:: BRIEF ::
Would you transcribe the records below from the line with "Jupiter Inlet Colony, FL 33469,229 Colony RD" to the line with "#ottd #hkgirl #反差", ends included, exactly and with nothing more, leaving the pictures out?

:: AVAILABLE RECORDS ::
┏━━
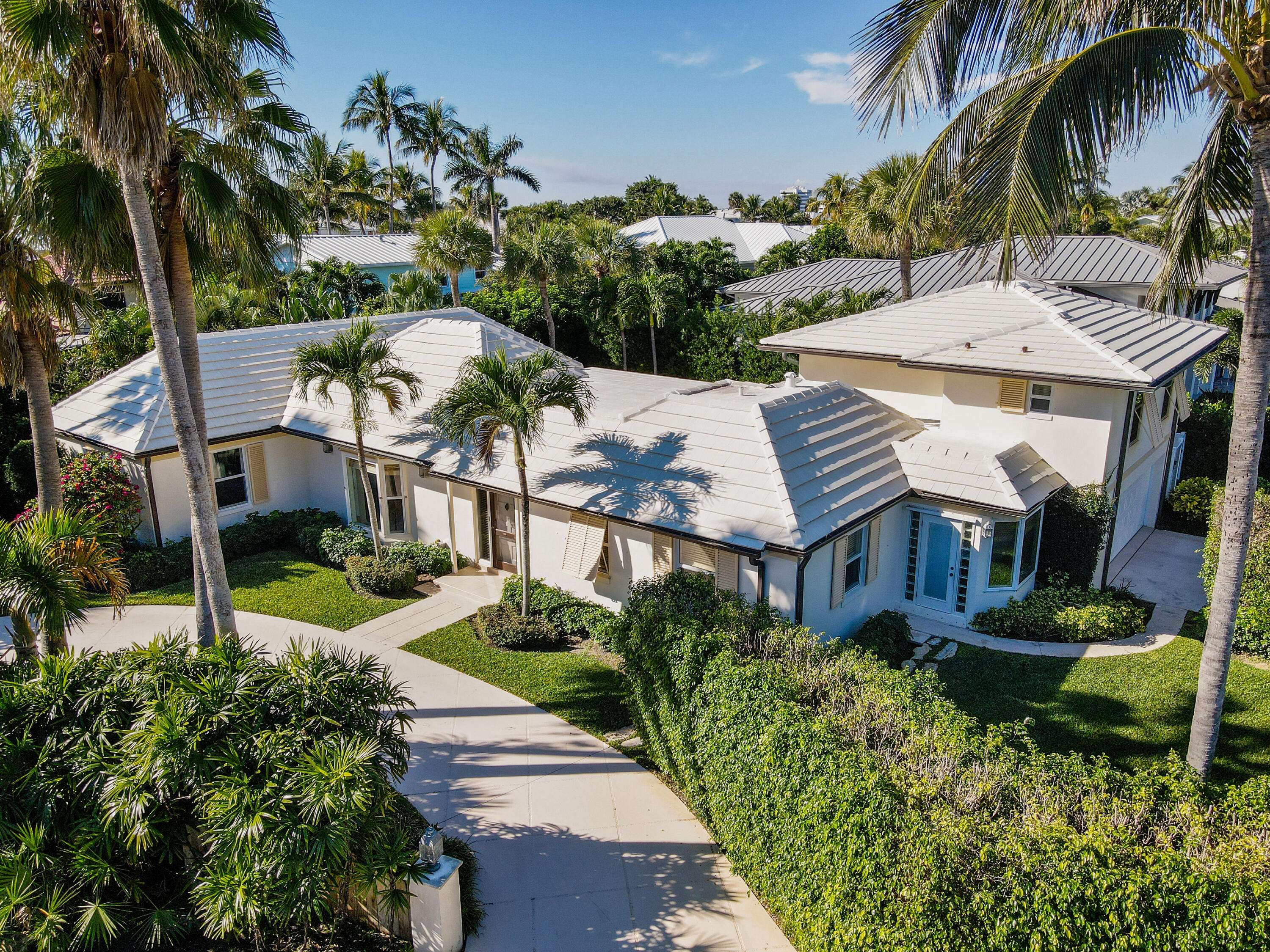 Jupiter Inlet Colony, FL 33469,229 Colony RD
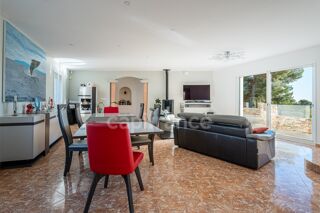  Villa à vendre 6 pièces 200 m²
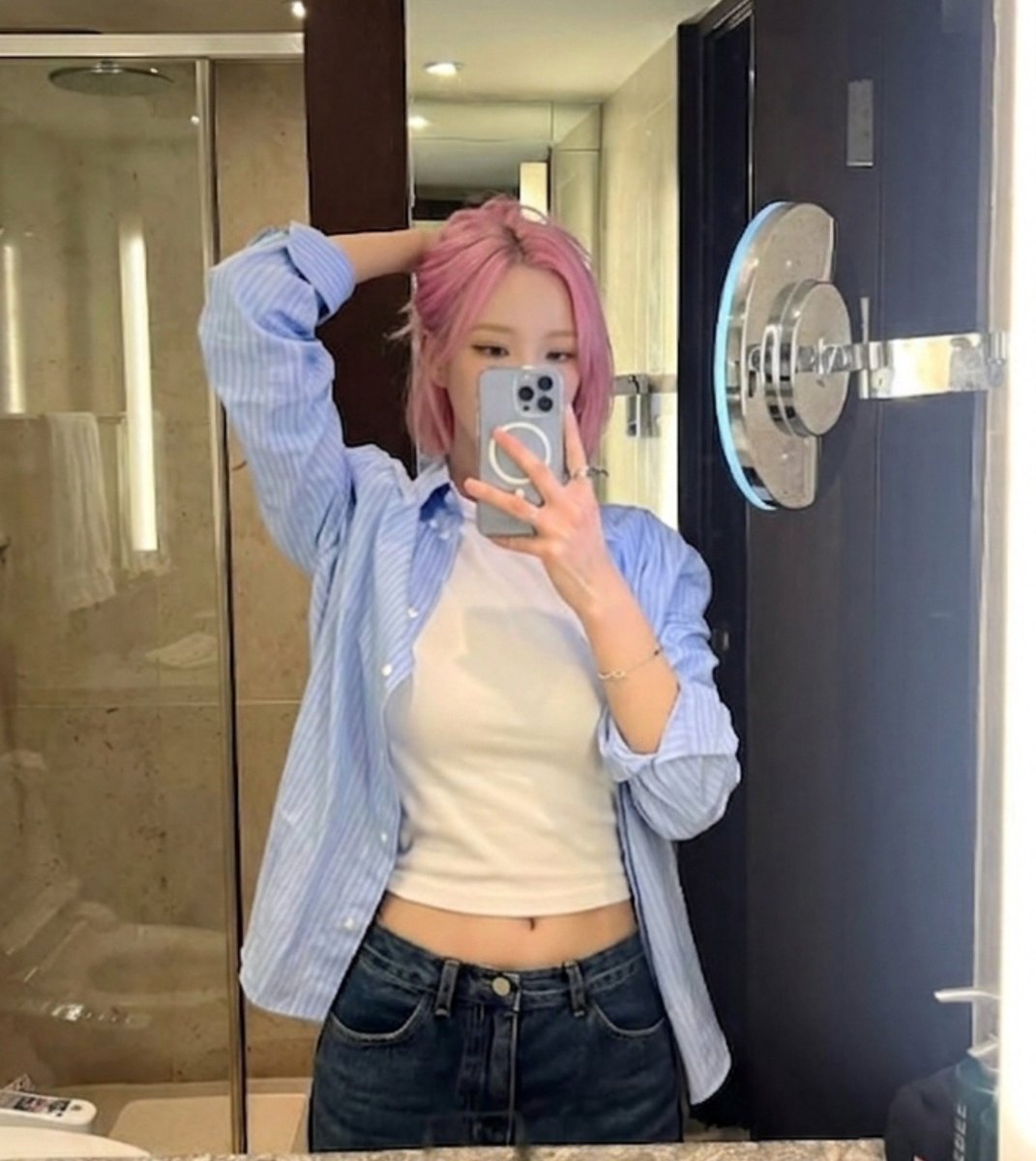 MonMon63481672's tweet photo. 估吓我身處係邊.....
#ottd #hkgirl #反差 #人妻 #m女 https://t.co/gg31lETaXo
┗━━
┏━━
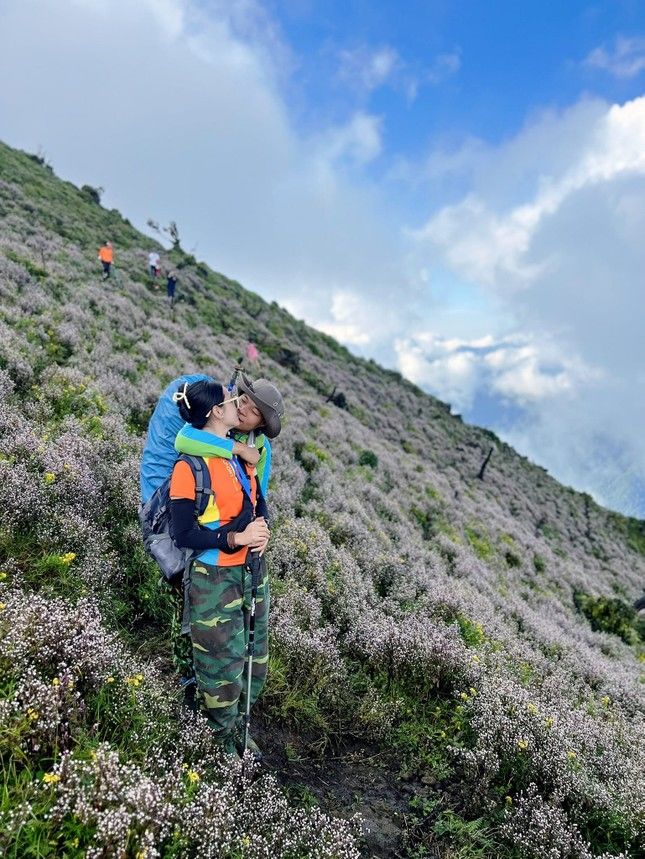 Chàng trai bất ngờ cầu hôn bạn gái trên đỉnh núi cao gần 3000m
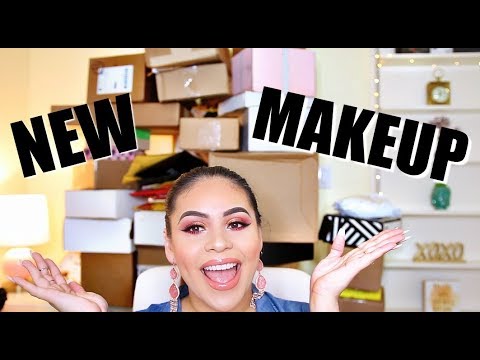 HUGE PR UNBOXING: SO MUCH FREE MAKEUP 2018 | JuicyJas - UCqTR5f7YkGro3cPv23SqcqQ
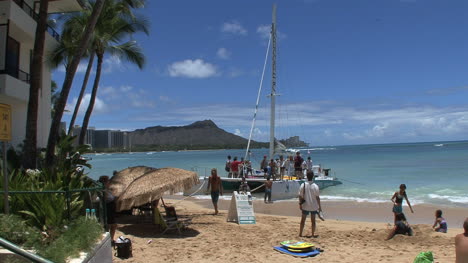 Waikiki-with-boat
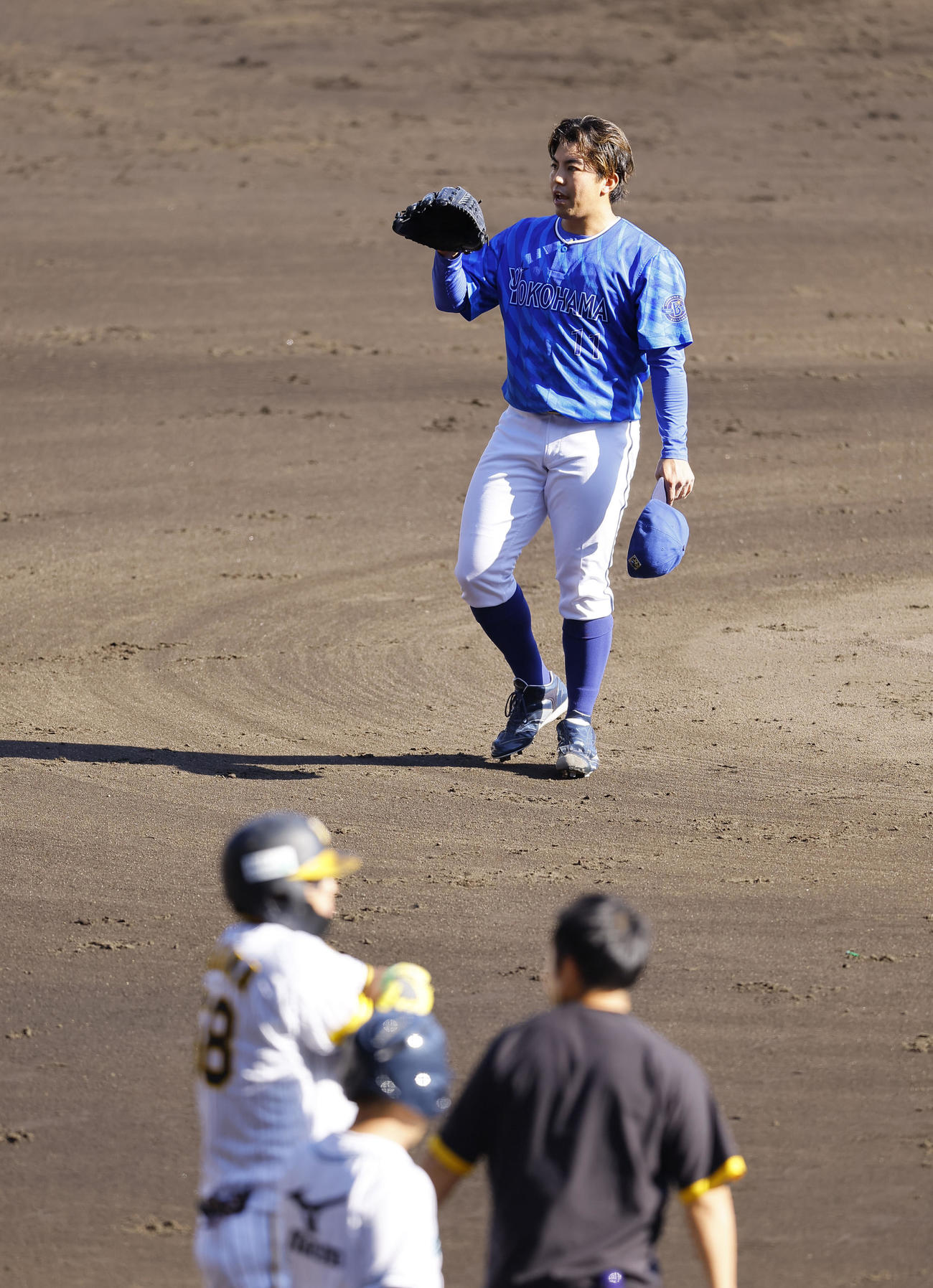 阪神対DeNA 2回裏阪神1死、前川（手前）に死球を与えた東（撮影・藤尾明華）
┗━━
┏━━
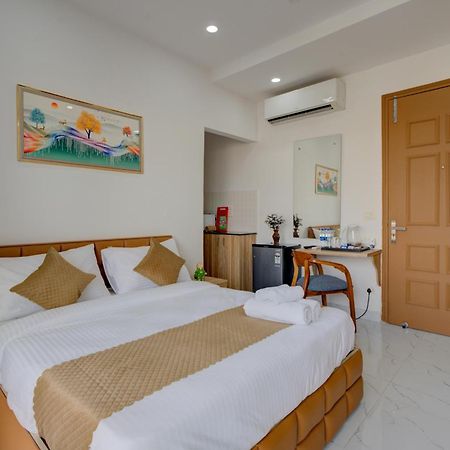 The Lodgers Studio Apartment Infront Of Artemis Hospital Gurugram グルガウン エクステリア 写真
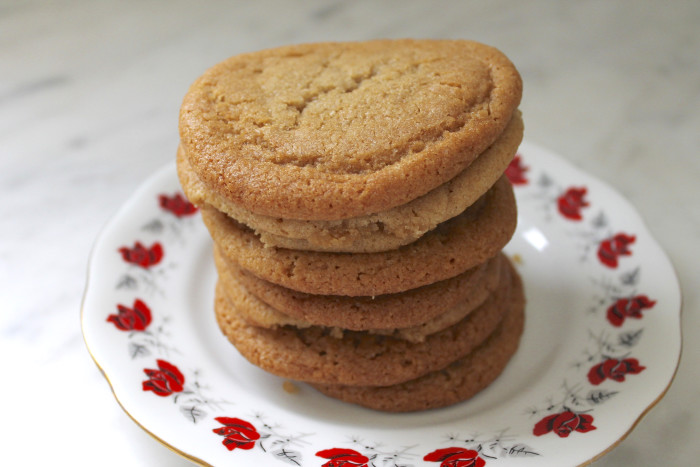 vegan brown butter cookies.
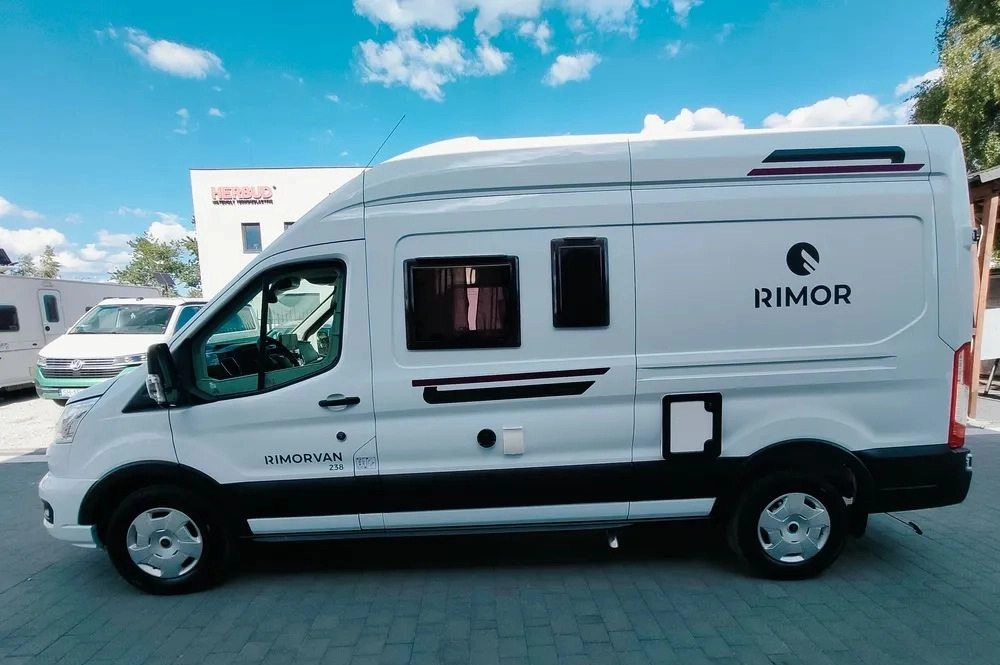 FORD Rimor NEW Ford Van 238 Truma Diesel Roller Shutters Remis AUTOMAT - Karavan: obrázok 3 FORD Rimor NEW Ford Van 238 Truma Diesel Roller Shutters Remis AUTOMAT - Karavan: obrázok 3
┗━━
:: TASK SOLUTION ::
 Jupiter Inlet Colony, FL 33469,229 Colony RD
  Villa à vendre 6 pièces 200 m²
 MonMon63481672's tweet photo. 估吓我身處係邊.....
#ottd #hkgirl #反差 #人妻 #m女 https://t.co/gg31lETaXo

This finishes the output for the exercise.